- Material provided:

━━━━━━━━━━

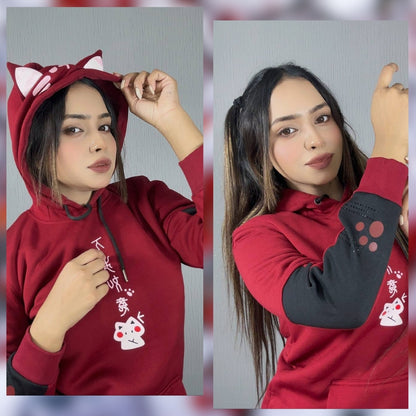 Anime Cotton Hoodies for Girls - Merun🌸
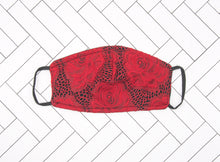 Load image into Gallery viewer, Lace Rose Face Mask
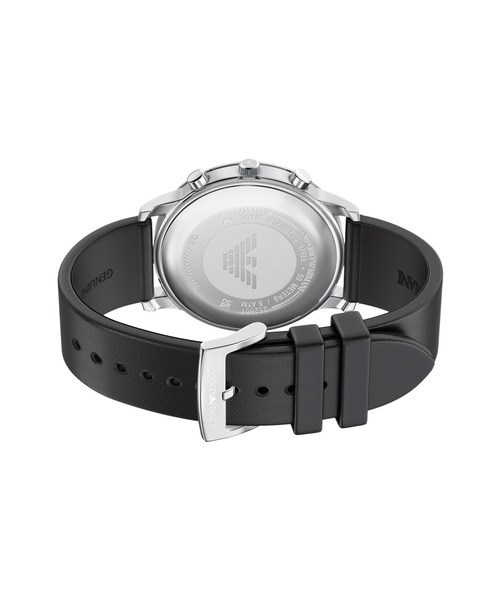 EMPORIO ARMANI(エンポリオアルマーニ)の「エンポリオ・アルマーニ 腕時計 メンズ アナログ レザー AR11774(アナログ腕時計・メンズ・ブラック・FREE)」の3枚目の写真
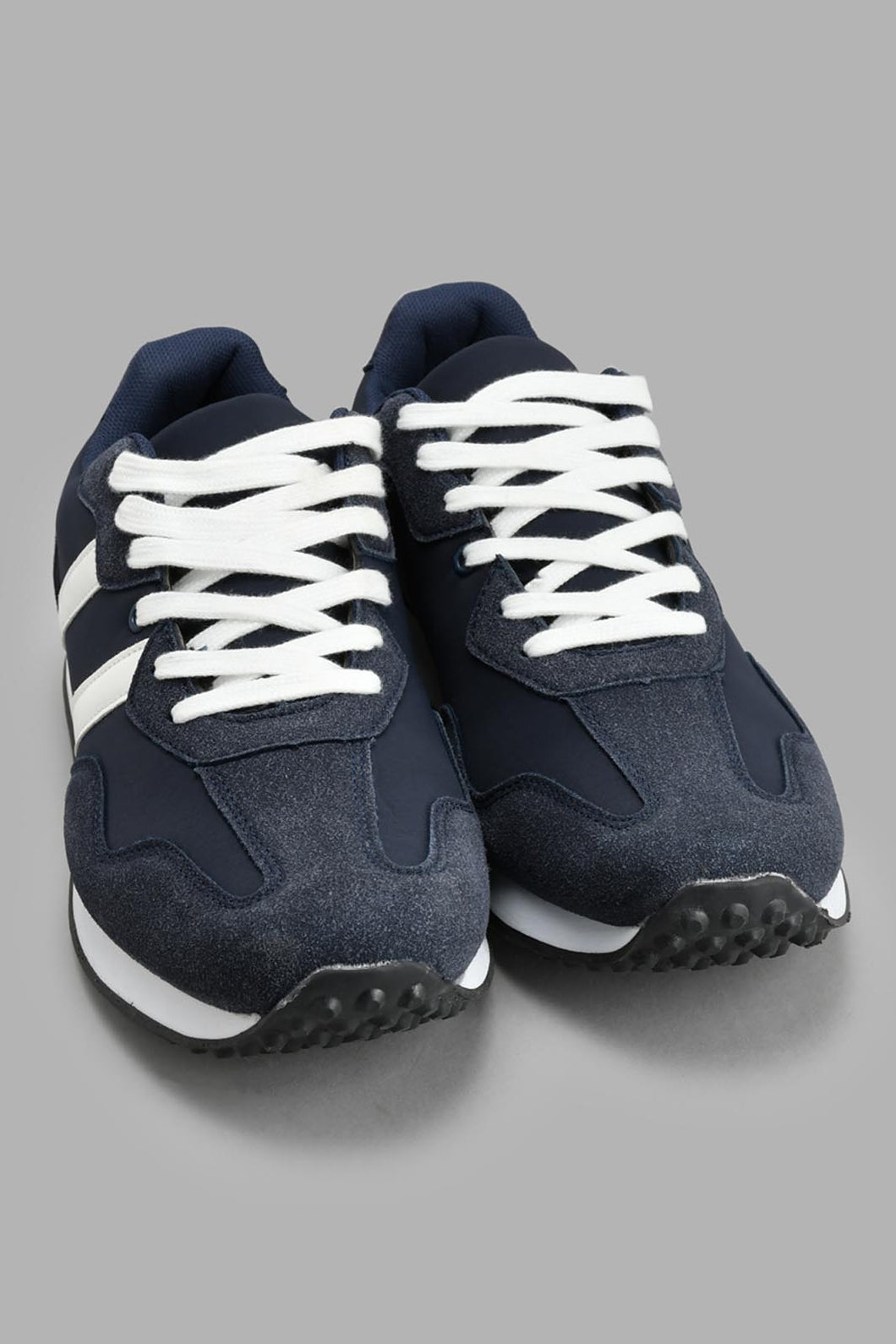 Redtag-Navy-Striped-Overlay-Sneaker-Sneakers-Men's-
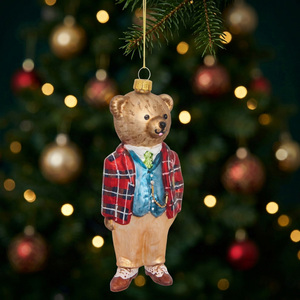 Traditional Dapper Hanging Bear Decoration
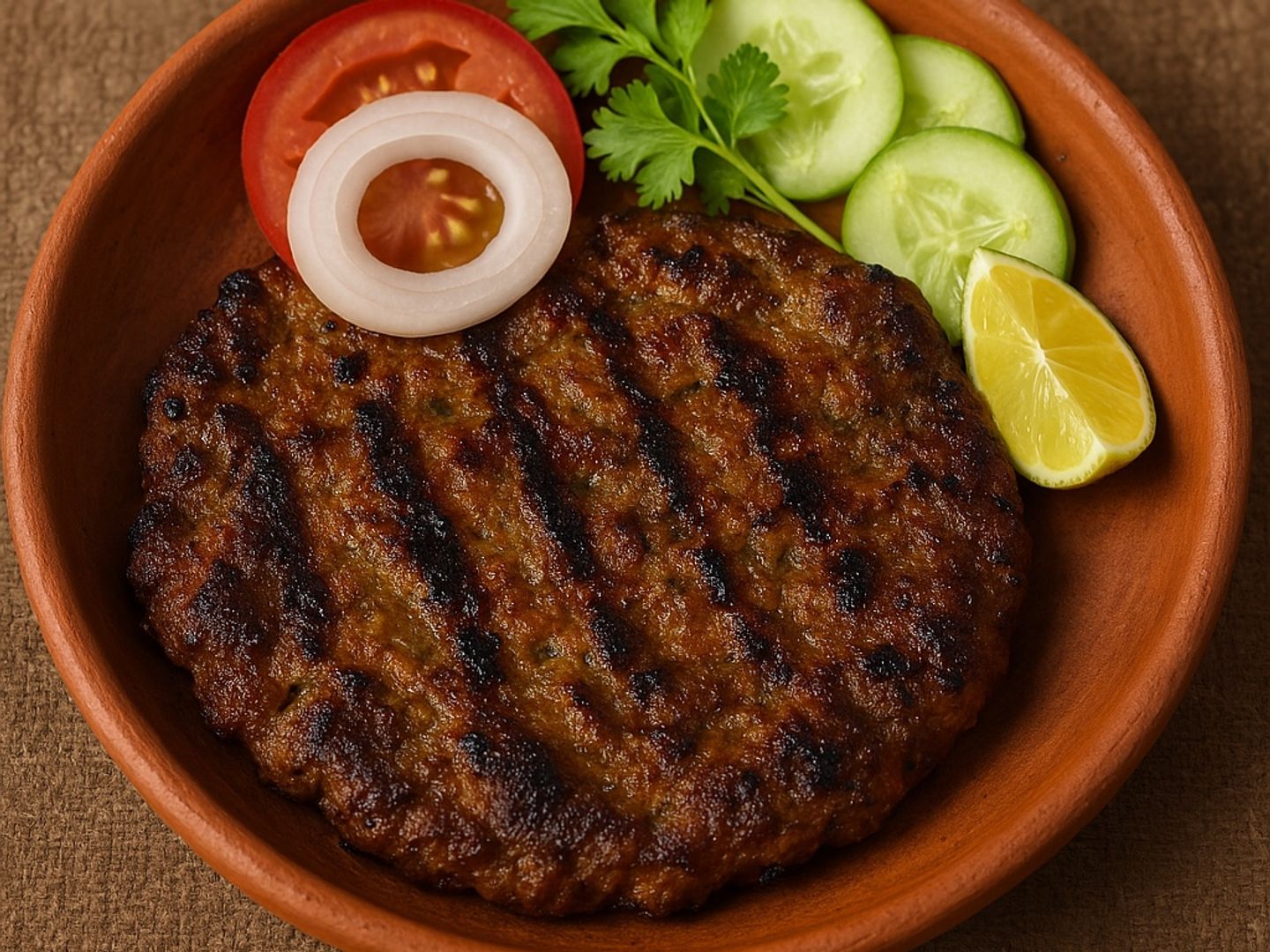 Grilled Chapli Kabab - 1pc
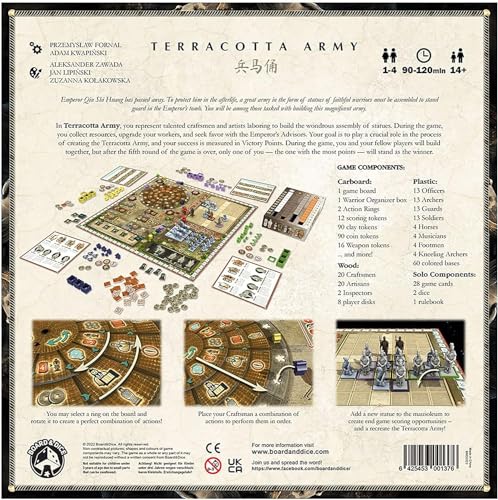 GTS Distribution Terracotta Army - Juego de mesa de estrategia Imperio antiguo, edades 14+, 1-4 jugadores, 90-120 minutos
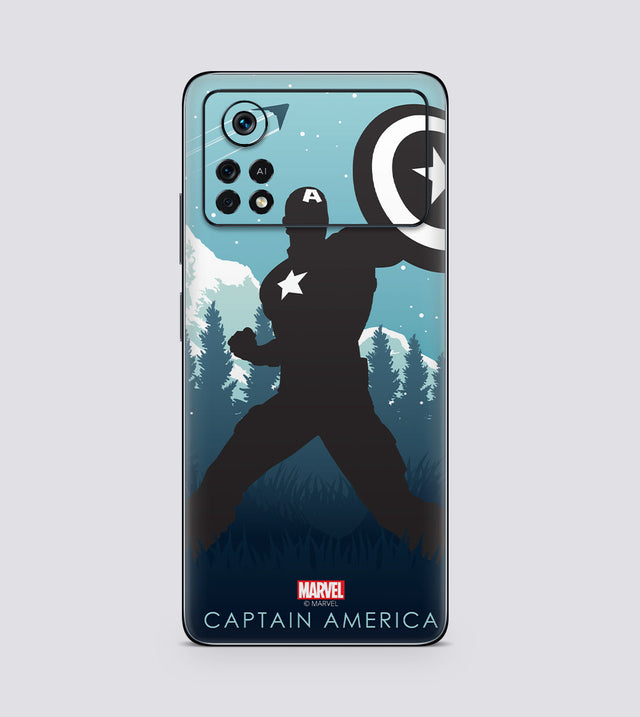 Poco X4 Pro 5G Captain America Silhouette
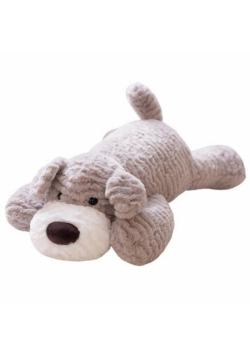 Maskotka przytulanka jasno szara 30cm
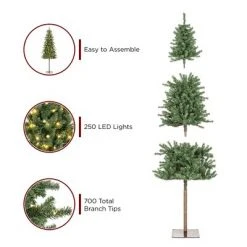 Best Choice Products Pre-Lit Pencil Alpine Christmas Tree Holiday Decoration w/ LED Lights, Stand -Christmas Trees Sales Store unnamed file 359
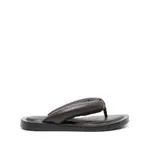 [Jil Sander] Jil Sander Nappa Flip Flops 37 IT BROWN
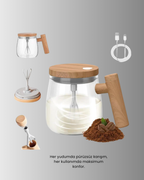 IP6 Su Geçirmez Şarjlı Kupa – 3D Karıştırma, 400 ml Yeni Nesil - Lisinya
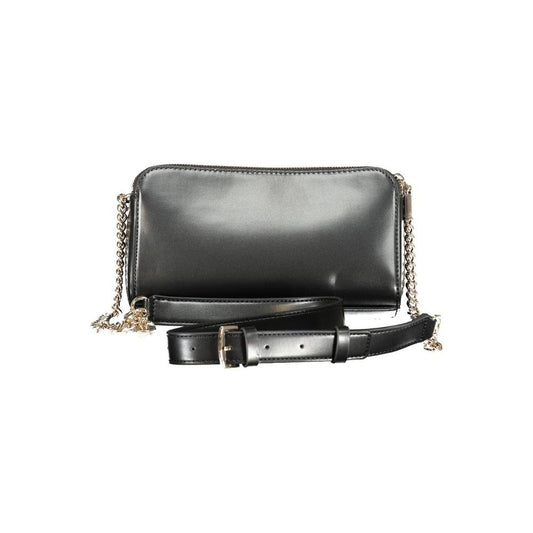 Guess Jeans Black Polyethylene Handbag Guess Jeans Dark Slate Gray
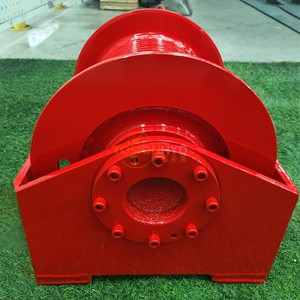 Treuil hydraulique personnalisé de 20 000 lb pour camions et bateaux, fabriqué avec un câble en acier et un frein hydraulique à 3 points - Product Image 1
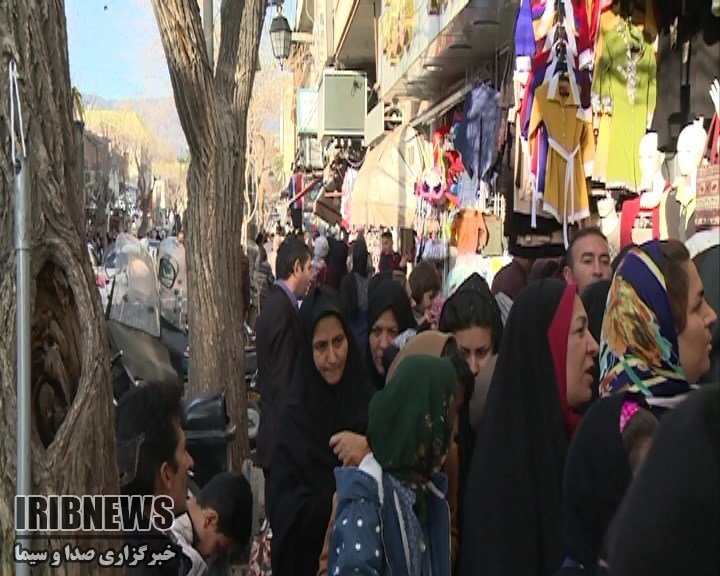 رونق بازار‌های شیراز با شروع خرید‌های نوروزی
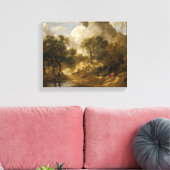 Thomas Gainsborough - Landschap in Suffolk Canvas Afdruk (Insitu (Woonkamer))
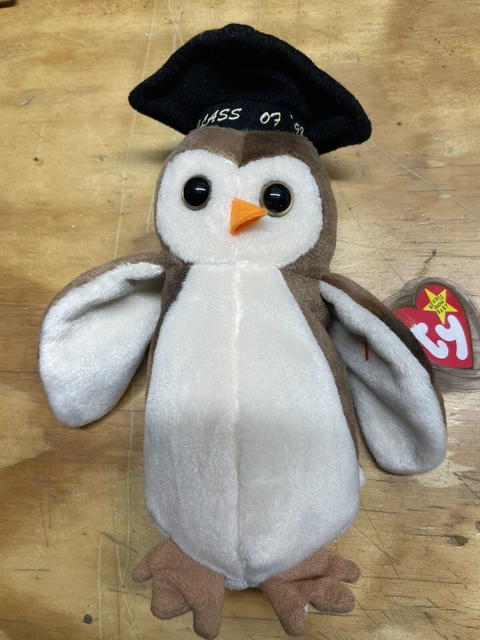 bennie baby Wise With Error Tag perfect condition 1998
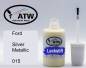 Preview: Ford, Silver Metallic, 015: 20ml Lackstift, von ATW Autoteile West.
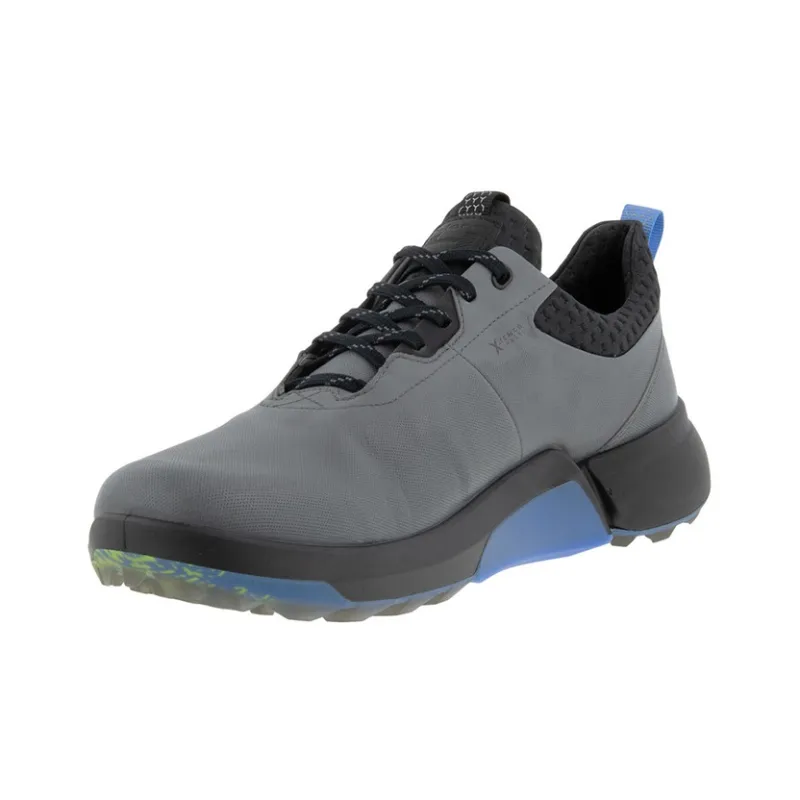 Ecco Biom H4 Durable Cushioning Low Top Golf Shoes Men's Gray-3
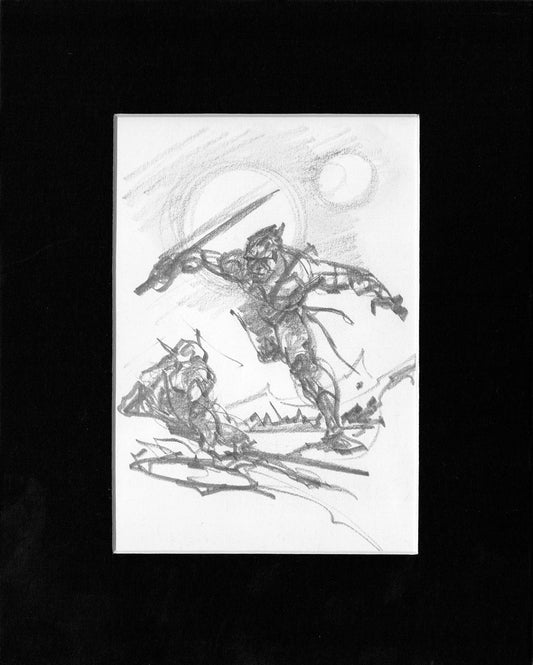 Mike Hoffman Comic Book Artist Personal Original Pencil Art Notebook Page From 2013 A-m67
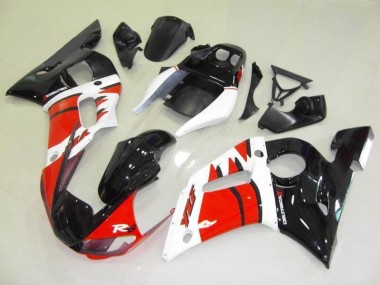 Cheapest 1998-2002 Red White Black Yamaha YZF R6 Motorbike Fairing UK
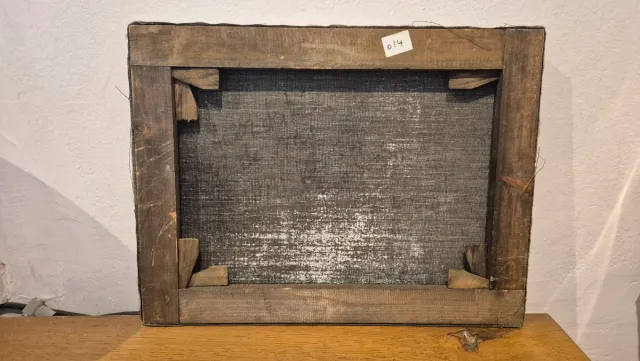 Natura morta con frutta dipinta ad olio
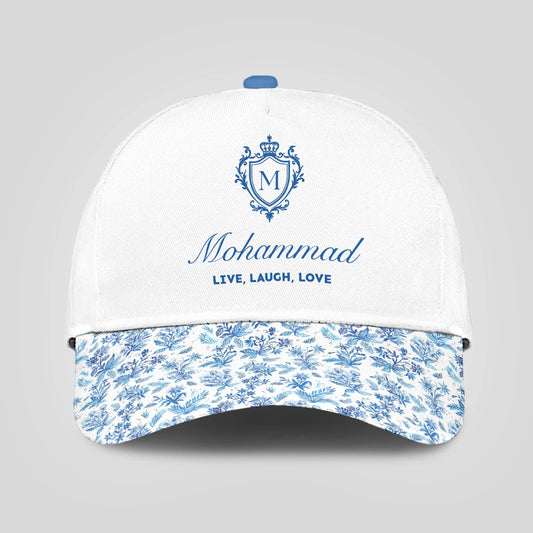 Live Laugh Love Flowers Pattern Cap MOHAMMAD 13K1 C109PF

━━━━━━━━━━

- Your goal:
Reproduce precisely the lines of the entries above, from the one containing "Mike Hoffman Comic" through the final one, both ends included, and omit the pictures.

- Answer space:
 Mike Hoffman Comic Book Artist Personal Original Pencil Art Notebook Page From 2013 A-m67
 Cheapest 1998-2002 Red White Black Yamaha YZF R6 Motorbike Fairing UK
 Natura morta con frutta dipinta ad olio
 Live Laugh Love Flowers Pattern Cap MOHAMMAD 13K1 C109PF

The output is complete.